**ASSIGNED TASK:** Check each line of the data for "Even", and copy the ones that have it.

**DATA FOR REVIEW:**
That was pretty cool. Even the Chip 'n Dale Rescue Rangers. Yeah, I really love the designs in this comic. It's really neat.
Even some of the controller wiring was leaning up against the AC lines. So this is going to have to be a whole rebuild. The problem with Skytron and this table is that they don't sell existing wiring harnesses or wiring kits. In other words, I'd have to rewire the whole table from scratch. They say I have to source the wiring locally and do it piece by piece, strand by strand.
* * *
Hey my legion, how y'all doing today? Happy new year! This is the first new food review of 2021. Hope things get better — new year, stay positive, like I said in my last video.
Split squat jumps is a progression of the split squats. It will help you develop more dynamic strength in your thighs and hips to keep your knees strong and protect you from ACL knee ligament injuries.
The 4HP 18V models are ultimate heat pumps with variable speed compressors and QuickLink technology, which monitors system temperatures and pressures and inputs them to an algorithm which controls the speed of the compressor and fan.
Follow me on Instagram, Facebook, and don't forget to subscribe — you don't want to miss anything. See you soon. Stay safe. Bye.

**ANSWER BELOW:**
That was pretty cool. Even the Chip 'n Dale Rescue Rangers. Yeah, I really love the designs in this comic. It's really neat.
Even some of the controller wiring was leaning up against the AC lines. So this is going to have to be a whole rebuild. The problem with Skytron and this table is that they don't sell existing wiring harnesses or wiring kits. In other words, I'd have to rewire the whole table from scratch. They say I have to source the wiring locally and do it piece by piece, strand by strand.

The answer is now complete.